[Opening Data excerpts section]

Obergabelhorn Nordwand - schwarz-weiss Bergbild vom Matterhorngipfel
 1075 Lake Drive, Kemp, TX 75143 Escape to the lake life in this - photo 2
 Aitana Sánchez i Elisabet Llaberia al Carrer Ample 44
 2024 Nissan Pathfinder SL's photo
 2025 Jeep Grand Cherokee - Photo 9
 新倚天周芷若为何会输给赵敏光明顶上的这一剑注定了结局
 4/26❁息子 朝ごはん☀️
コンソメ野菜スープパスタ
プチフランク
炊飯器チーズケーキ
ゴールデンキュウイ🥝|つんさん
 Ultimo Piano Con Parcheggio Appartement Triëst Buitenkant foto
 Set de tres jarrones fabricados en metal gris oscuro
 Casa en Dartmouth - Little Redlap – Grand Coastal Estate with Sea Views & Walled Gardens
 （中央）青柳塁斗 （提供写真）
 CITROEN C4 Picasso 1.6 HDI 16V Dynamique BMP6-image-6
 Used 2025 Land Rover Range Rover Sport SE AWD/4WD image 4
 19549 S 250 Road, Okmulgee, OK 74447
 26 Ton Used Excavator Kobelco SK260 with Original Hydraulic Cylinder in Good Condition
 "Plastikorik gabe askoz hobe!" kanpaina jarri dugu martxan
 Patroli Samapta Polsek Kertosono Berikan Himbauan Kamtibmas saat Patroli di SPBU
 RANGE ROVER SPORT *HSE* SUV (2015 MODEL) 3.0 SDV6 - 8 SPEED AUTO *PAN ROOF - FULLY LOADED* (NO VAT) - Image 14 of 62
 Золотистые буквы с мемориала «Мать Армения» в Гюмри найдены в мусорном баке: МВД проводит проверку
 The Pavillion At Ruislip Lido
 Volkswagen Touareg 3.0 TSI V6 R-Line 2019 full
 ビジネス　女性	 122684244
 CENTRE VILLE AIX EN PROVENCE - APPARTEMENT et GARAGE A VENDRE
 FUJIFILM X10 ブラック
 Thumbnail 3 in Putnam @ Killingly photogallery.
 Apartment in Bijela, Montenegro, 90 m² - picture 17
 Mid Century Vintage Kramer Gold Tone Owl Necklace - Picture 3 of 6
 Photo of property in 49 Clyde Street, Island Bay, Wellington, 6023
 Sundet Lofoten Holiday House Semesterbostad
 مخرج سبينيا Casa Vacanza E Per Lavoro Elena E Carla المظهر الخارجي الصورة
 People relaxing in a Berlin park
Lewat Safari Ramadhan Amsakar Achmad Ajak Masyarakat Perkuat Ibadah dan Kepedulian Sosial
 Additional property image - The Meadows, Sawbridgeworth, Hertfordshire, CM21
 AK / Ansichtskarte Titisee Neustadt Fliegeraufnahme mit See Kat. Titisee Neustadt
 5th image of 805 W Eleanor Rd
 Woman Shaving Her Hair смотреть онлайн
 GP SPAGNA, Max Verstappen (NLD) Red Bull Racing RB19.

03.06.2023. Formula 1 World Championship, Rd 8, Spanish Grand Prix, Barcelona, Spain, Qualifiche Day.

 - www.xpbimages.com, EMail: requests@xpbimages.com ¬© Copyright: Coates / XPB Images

[Closing Data excerpts section]

Reproduce, character for character, only the lines of the preceding data that start at the line with "مخرج سبينيا Casa" and end at the line with "Woman Shaving Her Hair смотреть онлайн", both included.

_Output for this task_:
 مخرج سبينيا Casa Vacanza E Per Lavoro Elena E Carla المظهر الخارجي الصورة
 People relaxing in a Berlin park
Lewat Safari Ramadhan Amsakar Achmad Ajak Masyarakat Perkuat Ibadah dan Kepedulian Sosial
 Additional property image - The Meadows, Sawbridgeworth, Hertfordshire, CM21
 AK / Ansichtskarte Titisee Neustadt Fliegeraufnahme mit See Kat. Titisee Neustadt
 5th image of 805 W Eleanor Rd
 Woman Shaving Her Hair смотреть онлайн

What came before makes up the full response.